Ansonsten könnte ebenbesagter Arbeitgeber es sich doch noch anders überlegen und ihnen die gewährten Urlaubstage streichen.
Desweiteren hoffe ich für sie, dass ihre Verabredung am Sonntag, so nachsichtig ist wie ich und es ihnen nicht übel nehmen wird, wenn sie sie versetzten.
Sollten sie jedoch bedenken haben, was die Akzeptanz einer Absage, bei ihrer Verabredung anbelangt, so bin ich sicher, dass ich ihnen auch in dieser Hinsicht behilflich sein könnte.
Ihr stets hilfsbereiter und noch immer durchaus freundlicher Vorgesetzter
Alexander Black"
So, so. Hilfsbereit und Freundlich also, Ja?
Verschmitzt Grinsend sitze ich vor dem Pc und weiß nicht wie weit ich noch gehen sollte. In Anbetracht dessen, dass ich bis vor ein paar Stunden noch dachte, dass ich arbeitslos bin, lehne ich mich gerade ganz schön weit aus dem Fenster.
Aber wenn ich ihm sofort klein bei gebe, wird er mich nur wieder herum schubsen, wie er es normalerweise mit Vorliebe zu tun pflegt.
"Sehr geehrter Mr. Black,
vielen Dank, für ihr wohlwollendes Hilfsangebot. Dennoch möchte ich sie höflichst darauf hinweisen, dass ich ihnen am Sonntag leider nicht zur Verfügung stehe.
Es sei denn, sie möchten den derzeitig bestehenden Arbeitsvertrag neu verhandeln.
Sollte dies der Fall sein, bitte ich sie sich alsbald mit ihrer Sekretärin in Verbindung zu setzten und einen Termin zu vereinbaren.
In diesem Sinne verbleibe ich mit den besten Wünschen
Ihre Emely Stone
Vermutlich bald Ex Sekretärin eines hoffentlich noch immer freundlichem, leicht zu besänftigendem und hilfsbereitem Vorgesetzten."
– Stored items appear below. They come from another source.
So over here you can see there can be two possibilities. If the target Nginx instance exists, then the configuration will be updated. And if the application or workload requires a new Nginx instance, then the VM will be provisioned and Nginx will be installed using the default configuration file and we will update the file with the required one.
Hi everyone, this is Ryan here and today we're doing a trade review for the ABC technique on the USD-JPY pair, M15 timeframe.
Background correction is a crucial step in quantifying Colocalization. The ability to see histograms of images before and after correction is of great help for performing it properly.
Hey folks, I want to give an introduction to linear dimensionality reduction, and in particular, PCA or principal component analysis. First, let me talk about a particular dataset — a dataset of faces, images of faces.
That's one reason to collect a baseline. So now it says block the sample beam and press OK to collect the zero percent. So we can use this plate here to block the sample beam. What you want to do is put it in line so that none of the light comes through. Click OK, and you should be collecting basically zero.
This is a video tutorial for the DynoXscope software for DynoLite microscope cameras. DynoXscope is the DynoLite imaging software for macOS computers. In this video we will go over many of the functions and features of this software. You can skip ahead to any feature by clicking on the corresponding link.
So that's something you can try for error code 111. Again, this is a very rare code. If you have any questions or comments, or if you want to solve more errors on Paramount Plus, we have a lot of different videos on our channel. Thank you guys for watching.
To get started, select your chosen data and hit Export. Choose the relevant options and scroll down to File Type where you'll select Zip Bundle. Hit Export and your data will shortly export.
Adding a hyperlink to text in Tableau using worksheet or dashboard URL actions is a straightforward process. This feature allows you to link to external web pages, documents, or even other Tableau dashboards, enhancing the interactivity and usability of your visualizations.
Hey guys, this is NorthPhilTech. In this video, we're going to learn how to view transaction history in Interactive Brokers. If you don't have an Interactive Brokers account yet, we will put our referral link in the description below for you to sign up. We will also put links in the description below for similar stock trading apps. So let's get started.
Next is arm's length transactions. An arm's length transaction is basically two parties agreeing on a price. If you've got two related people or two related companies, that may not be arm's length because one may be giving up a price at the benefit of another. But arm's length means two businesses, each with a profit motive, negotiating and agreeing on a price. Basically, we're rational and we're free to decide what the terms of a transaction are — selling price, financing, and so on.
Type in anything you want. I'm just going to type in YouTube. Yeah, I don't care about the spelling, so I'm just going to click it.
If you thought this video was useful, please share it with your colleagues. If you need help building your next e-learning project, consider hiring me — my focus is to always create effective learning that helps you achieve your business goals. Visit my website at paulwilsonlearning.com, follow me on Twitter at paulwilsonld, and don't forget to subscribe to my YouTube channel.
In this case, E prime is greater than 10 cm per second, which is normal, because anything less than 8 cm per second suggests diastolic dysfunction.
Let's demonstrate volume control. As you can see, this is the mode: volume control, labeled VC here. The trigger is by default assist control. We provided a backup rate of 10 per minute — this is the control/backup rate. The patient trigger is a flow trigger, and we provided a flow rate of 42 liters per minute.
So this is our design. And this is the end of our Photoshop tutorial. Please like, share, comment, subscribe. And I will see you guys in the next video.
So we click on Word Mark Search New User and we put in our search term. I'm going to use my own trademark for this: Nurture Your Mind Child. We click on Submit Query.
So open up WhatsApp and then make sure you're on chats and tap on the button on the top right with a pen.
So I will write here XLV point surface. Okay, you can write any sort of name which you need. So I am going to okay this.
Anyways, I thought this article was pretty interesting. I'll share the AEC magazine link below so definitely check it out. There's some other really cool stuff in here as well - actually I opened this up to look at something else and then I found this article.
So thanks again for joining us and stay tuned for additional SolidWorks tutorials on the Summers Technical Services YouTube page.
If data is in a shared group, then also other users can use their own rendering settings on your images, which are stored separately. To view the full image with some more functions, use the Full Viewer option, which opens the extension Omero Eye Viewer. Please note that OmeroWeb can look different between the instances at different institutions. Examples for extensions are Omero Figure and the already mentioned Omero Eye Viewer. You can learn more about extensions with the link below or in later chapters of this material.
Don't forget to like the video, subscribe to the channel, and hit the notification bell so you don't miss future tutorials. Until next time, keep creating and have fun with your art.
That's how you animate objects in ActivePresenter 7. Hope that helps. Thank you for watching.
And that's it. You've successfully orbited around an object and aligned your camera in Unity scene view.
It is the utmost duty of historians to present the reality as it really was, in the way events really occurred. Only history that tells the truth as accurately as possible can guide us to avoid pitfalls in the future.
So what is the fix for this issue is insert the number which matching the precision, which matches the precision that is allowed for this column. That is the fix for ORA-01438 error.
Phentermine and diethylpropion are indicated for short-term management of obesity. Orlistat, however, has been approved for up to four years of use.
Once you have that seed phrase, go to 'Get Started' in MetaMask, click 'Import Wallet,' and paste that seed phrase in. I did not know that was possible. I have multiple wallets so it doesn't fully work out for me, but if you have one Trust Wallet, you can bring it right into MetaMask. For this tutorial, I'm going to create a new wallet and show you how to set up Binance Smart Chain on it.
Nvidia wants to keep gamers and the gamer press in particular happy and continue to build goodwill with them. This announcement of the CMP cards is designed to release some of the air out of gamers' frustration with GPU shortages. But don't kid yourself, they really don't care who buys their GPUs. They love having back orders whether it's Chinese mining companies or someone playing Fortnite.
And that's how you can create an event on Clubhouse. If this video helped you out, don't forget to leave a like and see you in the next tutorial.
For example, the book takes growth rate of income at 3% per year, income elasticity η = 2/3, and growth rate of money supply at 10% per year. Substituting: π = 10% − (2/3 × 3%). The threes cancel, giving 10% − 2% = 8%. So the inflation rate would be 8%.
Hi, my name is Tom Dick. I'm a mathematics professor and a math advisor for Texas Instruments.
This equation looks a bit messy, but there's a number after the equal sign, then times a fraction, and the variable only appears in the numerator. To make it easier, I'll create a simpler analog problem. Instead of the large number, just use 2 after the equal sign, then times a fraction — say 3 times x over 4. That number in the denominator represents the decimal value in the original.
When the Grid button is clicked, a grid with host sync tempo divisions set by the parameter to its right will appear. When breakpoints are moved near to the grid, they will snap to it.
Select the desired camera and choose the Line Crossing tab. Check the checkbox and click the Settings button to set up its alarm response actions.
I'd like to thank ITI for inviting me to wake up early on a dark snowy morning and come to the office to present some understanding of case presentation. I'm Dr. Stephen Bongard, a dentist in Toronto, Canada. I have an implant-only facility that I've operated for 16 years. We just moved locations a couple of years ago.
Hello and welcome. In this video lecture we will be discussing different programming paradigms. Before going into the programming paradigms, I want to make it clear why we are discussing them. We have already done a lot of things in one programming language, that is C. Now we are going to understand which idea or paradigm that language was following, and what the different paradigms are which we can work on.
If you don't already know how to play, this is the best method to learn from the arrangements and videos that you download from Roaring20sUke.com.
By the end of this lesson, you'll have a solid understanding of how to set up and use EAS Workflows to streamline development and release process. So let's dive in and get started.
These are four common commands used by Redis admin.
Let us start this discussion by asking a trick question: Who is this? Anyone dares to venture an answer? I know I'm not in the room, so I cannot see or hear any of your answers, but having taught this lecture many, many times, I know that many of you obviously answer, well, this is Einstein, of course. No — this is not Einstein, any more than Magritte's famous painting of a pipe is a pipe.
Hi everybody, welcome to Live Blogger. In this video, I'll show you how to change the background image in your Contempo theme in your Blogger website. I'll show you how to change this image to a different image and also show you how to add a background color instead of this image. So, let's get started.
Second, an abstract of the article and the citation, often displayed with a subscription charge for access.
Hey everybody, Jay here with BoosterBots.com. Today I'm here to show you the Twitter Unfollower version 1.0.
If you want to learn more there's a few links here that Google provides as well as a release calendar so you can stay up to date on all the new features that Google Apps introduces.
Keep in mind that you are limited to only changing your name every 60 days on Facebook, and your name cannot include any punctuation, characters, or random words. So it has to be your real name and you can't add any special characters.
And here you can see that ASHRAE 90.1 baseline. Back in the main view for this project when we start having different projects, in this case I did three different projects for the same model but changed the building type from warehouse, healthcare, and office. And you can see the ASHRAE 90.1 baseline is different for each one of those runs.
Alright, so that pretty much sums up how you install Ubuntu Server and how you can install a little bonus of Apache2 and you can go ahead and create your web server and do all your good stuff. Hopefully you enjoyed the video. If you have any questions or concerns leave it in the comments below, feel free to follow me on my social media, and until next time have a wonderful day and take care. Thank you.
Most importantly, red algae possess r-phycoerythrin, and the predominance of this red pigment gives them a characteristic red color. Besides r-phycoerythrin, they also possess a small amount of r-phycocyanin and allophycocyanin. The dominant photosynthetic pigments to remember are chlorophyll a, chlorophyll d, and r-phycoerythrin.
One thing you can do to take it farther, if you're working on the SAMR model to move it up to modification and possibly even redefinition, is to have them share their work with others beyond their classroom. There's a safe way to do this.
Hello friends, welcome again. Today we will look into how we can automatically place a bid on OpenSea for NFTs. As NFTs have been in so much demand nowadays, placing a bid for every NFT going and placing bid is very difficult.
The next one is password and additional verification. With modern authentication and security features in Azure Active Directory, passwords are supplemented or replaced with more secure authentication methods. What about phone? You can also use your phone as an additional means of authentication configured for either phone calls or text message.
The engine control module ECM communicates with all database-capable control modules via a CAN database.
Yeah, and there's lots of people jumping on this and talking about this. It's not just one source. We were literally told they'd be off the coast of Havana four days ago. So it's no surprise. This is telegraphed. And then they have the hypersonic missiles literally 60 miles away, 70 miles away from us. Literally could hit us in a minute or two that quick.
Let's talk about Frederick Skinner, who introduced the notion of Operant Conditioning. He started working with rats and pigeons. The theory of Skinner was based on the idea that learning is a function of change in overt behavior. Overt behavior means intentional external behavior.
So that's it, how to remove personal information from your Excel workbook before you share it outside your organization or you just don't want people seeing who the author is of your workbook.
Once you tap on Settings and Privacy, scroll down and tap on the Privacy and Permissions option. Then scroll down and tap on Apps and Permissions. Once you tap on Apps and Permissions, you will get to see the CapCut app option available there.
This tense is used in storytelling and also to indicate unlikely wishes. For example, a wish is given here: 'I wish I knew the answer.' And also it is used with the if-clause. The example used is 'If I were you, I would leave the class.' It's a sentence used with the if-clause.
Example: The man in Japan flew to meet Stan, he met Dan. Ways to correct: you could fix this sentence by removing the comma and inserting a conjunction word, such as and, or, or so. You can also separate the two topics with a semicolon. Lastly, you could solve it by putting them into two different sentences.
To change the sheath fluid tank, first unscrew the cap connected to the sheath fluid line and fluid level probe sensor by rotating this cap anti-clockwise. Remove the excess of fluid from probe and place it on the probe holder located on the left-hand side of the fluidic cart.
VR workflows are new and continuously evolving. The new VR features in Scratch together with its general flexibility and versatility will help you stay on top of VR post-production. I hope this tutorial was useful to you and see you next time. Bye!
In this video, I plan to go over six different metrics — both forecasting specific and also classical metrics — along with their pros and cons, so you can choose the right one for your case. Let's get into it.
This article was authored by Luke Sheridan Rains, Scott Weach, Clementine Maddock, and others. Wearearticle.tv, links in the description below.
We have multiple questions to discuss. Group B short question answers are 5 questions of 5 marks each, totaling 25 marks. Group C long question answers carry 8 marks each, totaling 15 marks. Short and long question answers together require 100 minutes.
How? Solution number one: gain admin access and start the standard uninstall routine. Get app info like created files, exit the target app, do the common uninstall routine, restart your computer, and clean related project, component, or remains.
Angespannt warte ich auf seine Mail, doch als auch fünf Minuten Später noch immer keine Antwort angekommen ist, mache ich mir langsam Sorgen.
Habe ich es jetzt vielleicht doch zu weit getrieben?
Weitere zwei Minuten verstreichen und schon will ich zu einer entschuldigenden Mail ansetzten, als mich das Klingeln meines Handys erschreckt zusammen fahren lässt.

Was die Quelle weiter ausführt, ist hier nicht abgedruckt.